The reality is stateful on a macro-scale. I find the idea that the universe is actually stateful, and we do not completely understand behavior at quantum level far more parsimonious than the converse.
The double slit experiment confirms the wavelike nature of the universe at macro scale. A completely stateful universe where a photon discretely moves through spacetime could not exhibit self interference, only if the photon takes all paths (suggesting 'functions' that describe its movement) could it then collapse into a discrete position after being observed (aka. evaluated)
What I'm getting at is that in between emission and observation the photon is not in any one state, at best it's state could be described as a superposition.
To take the analogy one step too far, perhaps worst of all this suggests a lazily evaluated haskellian universe with a giant state monad whose NUMA architecture updates at the speed of light.
I hesitate to admit photons into the macro realm, considering they are elementary particles and essentially massless.

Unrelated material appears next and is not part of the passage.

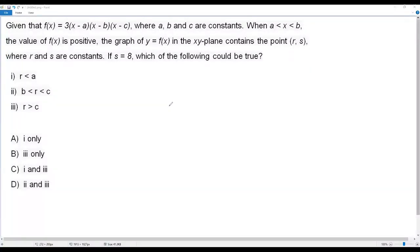Here we have a math problem. Given that f of x equals 3 times (x minus a)(x minus b)(x minus c), where a, b, and c are constants. When a is less than x less than b, the value of f of x is positive. The graph of y equals f of x in the xy-plane contains a point (r, s), where r and s are constants. If s equals 8, which of the following could be true?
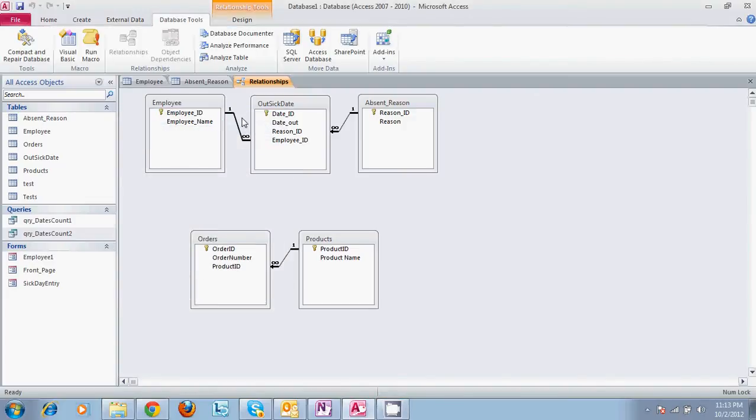This is a video tutorial on Microsoft Access 2010. We are going to cover tables and relationships with tables in this tutorial. This is a basic tutorial for starting out and planning your database.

Given the de Broglie hypothesis, I must of course admit macroscopic objects do have wavelengths, and thus macroscopic uncertainty (your statelessness) is a nonzero vlue. For all intents and purposes though, the denominator of the equation causes the wavelength to go very close to 0, as the mass value dwarfs the Planck constant and velocity is always non-zero due to brownian motion.
Wave function collapse is interesting and I must admit when it is not induced by momentum, I don't understand it very well.